(Problem) In the entries below, find the line with "Merry And Bright Gnome Hoodie" and the line with "Conception de t". Return those two lines and all lines between them, exactly.
** Opening The records block **
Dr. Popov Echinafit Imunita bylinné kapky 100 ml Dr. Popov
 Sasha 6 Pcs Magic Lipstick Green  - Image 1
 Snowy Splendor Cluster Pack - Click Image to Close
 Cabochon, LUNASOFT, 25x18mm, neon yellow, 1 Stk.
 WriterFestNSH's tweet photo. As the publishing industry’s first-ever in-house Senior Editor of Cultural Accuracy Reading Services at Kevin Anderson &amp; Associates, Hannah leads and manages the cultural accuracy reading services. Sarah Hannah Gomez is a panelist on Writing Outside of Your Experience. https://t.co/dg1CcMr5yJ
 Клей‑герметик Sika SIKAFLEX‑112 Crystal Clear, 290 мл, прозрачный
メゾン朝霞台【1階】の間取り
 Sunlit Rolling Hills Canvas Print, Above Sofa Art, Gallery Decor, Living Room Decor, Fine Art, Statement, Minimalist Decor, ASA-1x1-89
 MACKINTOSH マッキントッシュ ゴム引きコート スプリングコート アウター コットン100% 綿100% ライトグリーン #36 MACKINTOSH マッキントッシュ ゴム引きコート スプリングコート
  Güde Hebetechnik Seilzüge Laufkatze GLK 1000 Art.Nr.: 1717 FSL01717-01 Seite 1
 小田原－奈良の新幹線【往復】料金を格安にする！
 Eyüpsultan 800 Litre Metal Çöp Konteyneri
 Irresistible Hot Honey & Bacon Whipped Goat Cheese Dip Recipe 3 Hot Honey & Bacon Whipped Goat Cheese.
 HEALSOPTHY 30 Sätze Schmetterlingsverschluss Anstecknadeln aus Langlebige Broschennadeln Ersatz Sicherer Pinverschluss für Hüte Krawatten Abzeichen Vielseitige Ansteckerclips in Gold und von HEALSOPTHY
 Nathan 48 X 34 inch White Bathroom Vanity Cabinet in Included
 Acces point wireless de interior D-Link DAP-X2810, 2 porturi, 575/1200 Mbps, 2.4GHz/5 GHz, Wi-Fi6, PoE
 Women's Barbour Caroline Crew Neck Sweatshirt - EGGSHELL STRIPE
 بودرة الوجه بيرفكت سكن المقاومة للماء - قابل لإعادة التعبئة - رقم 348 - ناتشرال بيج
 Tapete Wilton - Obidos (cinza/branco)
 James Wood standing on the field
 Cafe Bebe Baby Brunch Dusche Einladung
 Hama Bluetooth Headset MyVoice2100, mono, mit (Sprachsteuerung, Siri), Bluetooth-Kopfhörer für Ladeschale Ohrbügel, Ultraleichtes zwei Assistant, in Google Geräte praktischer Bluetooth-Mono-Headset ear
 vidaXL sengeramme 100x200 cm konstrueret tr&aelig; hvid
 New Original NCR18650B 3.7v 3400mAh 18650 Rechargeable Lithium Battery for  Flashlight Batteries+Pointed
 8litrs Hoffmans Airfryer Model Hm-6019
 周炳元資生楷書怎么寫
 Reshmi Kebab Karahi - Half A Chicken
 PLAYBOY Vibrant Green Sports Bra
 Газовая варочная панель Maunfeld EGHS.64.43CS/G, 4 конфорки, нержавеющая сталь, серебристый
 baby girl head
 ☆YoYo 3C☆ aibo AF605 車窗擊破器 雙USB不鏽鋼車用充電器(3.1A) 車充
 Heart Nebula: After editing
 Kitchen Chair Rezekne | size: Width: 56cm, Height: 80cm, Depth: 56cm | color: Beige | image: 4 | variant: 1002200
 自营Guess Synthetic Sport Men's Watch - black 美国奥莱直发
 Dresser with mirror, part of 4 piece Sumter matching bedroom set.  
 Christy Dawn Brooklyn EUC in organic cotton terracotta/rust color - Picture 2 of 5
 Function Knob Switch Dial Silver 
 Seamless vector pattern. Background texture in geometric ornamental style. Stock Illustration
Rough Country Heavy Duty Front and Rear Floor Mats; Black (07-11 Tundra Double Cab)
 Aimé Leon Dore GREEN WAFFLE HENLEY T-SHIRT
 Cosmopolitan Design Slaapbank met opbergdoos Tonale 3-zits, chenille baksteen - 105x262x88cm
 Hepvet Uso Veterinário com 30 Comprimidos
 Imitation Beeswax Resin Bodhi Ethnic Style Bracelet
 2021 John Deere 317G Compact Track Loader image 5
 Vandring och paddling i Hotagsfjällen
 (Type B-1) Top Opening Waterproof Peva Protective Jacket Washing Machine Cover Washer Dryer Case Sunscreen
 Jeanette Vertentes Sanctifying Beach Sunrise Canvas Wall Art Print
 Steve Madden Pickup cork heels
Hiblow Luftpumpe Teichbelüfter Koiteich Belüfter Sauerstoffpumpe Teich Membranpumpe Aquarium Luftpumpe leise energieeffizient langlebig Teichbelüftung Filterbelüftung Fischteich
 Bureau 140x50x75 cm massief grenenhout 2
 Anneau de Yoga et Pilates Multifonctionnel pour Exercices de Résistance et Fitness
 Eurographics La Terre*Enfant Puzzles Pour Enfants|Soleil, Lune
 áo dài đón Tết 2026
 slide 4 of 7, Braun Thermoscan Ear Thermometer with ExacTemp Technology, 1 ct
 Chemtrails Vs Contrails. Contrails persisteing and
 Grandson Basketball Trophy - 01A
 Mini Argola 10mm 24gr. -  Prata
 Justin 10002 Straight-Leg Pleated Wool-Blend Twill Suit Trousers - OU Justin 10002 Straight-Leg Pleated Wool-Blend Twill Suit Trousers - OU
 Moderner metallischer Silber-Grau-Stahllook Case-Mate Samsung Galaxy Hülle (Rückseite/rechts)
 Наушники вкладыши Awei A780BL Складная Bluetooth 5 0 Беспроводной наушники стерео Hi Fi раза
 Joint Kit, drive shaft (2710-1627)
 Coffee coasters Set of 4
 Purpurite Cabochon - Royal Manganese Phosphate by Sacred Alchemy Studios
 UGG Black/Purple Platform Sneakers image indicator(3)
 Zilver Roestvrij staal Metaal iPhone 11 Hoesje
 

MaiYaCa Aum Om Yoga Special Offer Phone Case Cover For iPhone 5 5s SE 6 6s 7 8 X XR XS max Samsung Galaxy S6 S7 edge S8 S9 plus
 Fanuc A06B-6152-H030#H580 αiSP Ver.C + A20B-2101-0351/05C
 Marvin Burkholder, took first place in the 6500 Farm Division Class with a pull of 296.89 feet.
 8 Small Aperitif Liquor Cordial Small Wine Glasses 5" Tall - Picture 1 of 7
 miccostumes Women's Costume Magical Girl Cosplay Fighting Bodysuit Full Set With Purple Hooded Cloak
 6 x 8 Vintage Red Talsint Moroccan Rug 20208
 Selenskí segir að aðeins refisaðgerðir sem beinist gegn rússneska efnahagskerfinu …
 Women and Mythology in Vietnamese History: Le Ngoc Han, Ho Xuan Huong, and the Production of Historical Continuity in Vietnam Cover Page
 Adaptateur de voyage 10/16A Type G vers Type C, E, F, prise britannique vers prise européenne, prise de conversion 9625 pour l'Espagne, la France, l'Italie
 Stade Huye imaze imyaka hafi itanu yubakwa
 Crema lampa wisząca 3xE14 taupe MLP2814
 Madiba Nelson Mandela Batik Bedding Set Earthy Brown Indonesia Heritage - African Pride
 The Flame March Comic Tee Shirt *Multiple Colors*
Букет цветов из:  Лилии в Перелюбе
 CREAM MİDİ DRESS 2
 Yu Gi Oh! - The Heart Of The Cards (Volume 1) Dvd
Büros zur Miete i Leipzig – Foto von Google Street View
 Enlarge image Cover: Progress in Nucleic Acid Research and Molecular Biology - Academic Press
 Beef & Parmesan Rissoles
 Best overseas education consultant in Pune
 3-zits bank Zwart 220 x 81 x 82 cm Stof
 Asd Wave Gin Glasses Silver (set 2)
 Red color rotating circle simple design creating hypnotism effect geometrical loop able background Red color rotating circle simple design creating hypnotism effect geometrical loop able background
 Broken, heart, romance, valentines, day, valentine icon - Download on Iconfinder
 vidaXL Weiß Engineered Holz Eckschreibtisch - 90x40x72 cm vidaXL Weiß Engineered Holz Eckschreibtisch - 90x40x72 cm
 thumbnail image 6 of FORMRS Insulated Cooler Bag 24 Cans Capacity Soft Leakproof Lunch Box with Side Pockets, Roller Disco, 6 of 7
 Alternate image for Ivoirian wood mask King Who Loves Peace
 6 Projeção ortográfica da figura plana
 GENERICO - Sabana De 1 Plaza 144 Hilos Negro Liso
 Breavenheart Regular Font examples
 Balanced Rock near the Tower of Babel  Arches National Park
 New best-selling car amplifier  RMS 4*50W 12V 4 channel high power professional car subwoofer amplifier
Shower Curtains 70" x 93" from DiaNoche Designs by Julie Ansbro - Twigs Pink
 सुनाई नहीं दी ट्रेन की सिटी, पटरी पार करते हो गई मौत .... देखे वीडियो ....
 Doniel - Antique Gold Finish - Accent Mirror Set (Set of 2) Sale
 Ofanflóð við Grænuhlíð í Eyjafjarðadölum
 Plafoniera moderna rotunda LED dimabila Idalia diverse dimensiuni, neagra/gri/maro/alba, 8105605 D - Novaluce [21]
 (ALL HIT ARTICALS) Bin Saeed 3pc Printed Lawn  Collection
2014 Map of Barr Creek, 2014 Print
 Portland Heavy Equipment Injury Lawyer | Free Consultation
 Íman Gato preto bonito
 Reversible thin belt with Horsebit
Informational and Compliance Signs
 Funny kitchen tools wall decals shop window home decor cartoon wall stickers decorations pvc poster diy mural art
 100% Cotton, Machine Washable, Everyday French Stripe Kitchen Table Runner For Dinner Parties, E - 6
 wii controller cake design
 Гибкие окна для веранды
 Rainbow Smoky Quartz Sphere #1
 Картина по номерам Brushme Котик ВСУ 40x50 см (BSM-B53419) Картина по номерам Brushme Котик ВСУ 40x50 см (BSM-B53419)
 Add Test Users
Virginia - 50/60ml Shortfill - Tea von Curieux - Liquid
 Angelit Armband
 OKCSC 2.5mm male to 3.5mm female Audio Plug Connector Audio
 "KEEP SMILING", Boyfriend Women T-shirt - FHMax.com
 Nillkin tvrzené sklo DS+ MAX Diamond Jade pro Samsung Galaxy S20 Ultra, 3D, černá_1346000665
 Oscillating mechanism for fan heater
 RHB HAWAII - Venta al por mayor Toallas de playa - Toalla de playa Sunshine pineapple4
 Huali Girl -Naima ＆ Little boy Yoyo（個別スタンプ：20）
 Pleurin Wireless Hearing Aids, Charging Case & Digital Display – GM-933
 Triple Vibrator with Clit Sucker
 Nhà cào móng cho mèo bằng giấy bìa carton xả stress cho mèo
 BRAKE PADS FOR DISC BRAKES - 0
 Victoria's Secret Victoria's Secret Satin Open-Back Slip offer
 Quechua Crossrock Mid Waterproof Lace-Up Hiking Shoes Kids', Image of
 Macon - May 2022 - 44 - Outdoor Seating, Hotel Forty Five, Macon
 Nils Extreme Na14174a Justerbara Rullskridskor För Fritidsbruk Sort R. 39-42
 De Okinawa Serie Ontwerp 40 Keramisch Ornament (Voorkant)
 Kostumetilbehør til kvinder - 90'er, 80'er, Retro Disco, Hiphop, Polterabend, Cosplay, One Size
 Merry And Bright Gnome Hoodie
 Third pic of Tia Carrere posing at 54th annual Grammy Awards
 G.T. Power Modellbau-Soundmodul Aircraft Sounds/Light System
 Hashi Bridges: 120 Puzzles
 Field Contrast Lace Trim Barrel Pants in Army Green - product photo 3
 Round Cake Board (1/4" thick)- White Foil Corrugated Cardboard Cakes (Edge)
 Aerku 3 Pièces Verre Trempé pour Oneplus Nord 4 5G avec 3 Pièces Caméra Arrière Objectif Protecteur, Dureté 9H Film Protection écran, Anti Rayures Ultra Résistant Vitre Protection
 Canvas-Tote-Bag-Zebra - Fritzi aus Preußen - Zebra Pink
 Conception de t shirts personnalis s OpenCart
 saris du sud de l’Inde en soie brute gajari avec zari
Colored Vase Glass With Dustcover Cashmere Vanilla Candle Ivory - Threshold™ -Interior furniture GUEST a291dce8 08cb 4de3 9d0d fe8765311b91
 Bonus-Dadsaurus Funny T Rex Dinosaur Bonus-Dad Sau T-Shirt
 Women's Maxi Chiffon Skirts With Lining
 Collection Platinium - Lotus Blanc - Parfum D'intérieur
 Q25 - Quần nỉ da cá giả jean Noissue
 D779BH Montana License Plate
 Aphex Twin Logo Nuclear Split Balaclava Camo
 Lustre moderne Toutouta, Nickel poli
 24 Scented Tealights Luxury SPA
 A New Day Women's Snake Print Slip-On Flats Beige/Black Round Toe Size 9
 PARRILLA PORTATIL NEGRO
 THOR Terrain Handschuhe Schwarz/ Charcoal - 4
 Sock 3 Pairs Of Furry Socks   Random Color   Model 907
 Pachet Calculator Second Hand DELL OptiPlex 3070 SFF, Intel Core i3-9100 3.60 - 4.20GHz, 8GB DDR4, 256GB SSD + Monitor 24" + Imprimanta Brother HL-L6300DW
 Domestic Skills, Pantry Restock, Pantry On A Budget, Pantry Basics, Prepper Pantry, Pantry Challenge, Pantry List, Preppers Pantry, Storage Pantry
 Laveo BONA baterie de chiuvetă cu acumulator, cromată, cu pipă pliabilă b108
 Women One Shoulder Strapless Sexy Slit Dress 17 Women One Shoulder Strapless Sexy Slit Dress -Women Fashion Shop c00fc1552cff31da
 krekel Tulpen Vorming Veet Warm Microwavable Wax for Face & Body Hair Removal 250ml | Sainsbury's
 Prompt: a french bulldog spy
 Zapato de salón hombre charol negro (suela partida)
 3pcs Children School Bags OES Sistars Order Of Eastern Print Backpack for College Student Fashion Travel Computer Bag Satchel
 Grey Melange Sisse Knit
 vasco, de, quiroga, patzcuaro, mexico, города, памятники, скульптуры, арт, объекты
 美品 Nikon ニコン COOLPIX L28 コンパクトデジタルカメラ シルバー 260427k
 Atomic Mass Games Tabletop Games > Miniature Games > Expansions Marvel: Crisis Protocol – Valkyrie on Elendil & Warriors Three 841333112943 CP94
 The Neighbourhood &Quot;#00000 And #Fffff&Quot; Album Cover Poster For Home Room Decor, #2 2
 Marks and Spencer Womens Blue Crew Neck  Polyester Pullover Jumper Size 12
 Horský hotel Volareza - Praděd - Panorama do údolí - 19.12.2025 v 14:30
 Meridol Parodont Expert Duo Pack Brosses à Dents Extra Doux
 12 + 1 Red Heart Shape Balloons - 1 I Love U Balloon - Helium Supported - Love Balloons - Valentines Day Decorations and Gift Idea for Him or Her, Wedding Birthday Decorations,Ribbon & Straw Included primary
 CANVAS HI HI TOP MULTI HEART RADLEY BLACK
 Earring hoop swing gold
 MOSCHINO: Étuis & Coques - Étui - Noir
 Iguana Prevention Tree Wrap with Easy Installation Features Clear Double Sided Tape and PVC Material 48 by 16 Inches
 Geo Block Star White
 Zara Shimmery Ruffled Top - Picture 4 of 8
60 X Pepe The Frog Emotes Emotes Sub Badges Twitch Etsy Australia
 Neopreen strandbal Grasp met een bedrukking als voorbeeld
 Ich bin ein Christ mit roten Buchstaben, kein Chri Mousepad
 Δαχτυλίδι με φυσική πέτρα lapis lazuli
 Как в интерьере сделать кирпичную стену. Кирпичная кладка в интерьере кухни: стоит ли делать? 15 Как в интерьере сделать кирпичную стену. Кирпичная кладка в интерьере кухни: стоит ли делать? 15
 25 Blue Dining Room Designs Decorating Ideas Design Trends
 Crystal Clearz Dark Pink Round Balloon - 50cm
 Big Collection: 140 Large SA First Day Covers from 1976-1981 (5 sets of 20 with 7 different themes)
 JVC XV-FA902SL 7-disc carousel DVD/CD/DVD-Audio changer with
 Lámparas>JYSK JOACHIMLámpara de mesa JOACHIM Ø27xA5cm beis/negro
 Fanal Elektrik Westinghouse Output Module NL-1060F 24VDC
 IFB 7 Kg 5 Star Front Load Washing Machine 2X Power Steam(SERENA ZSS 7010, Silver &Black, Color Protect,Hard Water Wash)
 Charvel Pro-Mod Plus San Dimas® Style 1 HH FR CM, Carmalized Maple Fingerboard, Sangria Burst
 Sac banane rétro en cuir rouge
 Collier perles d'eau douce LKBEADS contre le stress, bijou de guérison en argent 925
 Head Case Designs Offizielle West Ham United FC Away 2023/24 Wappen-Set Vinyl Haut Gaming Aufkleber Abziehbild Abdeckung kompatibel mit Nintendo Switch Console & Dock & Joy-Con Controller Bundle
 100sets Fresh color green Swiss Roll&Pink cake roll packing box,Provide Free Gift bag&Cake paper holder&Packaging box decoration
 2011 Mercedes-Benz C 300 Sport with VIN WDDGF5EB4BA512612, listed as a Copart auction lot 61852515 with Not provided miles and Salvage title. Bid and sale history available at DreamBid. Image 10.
** Closing The records block **
(Result of this exercise)
 Merry And Bright Gnome Hoodie
 Third pic of Tia Carrere posing at 54th annual Grammy Awards
 G.T. Power Modellbau-Soundmodul Aircraft Sounds/Light System
 Hashi Bridges: 120 Puzzles
 Field Contrast Lace Trim Barrel Pants in Army Green - product photo 3
 Round Cake Board (1/4" thick)- White Foil Corrugated Cardboard Cakes (Edge)
 Aerku 3 Pièces Verre Trempé pour Oneplus Nord 4 5G avec 3 Pièces Caméra Arrière Objectif Protecteur, Dureté 9H Film Protection écran, Anti Rayures Ultra Résistant Vitre Protection
 Canvas-Tote-Bag-Zebra - Fritzi aus Preußen - Zebra Pink
 Conception de t shirts personnalis s OpenCart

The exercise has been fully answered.